Saudi Arabia: Thank you, but no thank you!

No one can decide on strategic issues on behalf of the Palestinians.

Sam Bahour


Saudi Crown Prince Mohammed bin Salman

A tremendous amount of news space is being consumed on the U.S.-brokered talks to reach a deal with Saudi Arabia that would include normalizing ties with Israel. Although the talks are about much more than Palestine, it is reported that the U.S. is making the Palestinian issue a key component to reach the real reason the U.S. is in talks with Saudi Arabia which is to reach a mutual security pact and advance Israeli interests in the region.

As Saudi Arabia attempts to assume the unilateral leadership role in the Arab World, it has welcomed the Palestinian issue as a component in the negotiations because it is looking for a save-face measure in front of the Arab and Muslim worlds to normalize with Israel, which seems to be one of the conditions the Biden Administration has placed on Saudi Arabia to be able to reach a historic U.S.- Saudi Arabia deal.

However, if bin Salman’s comments on his recent Fox News interview are any indication, he is oblivious to the state of affairs in Palestine and within the Palestinian struggle for freedom and independence, let alone the last failed 30 years of what was intended to be a five-year interim process. He said he wanted to see “a good life for the Palestinians.” No indication was apparent that he understands that a “good life” for Palestinians means a total end to Israeli military occupation resulting in an independent and sovereign State of Palestine, an end of institutional Israeli discrimination of Palestinian citizens in Israel, and Palestinian refugees permitted to return to their homes. No less than this will bring sustainable peace.

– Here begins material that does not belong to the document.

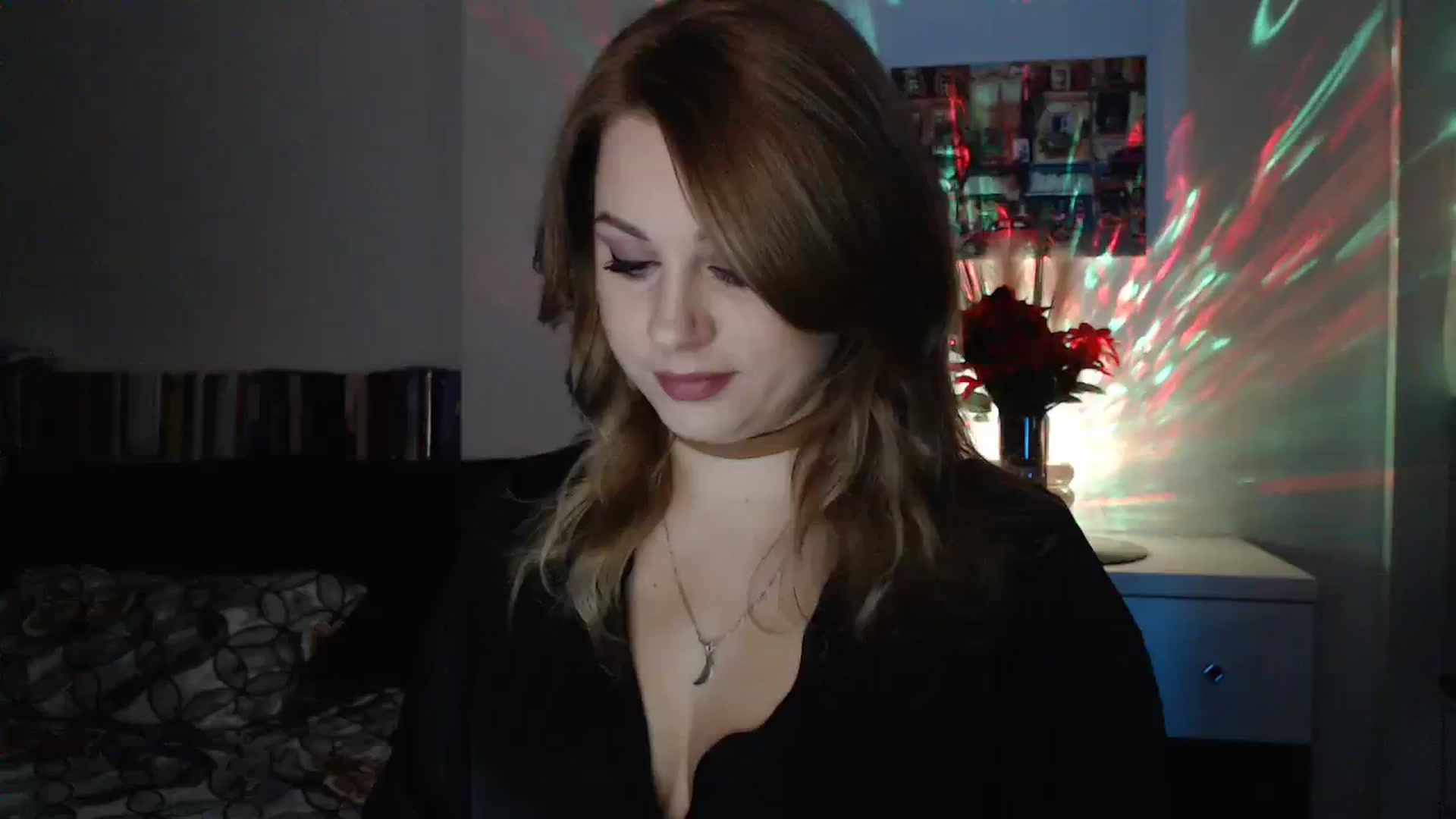 Gallery image thumbnail from Miss_Xmas's myfreecams stream on, 12/25/2023, 24:13 image 8 of 20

Palestinian representation is a red-line

While bin Salman negotiates for a Palestinian “good life”, he would benefit from knowing that no one has authorized him to speak on behalf of the Palestinians. With the deep internal divisions in the Palestinian polity, no one has the authority or legitimacy to represent Palestinians today, not even Palestinian President Abbas, on issues as strategic as what is being discussed, yet another interim agreement just like the failed Oslo agreement.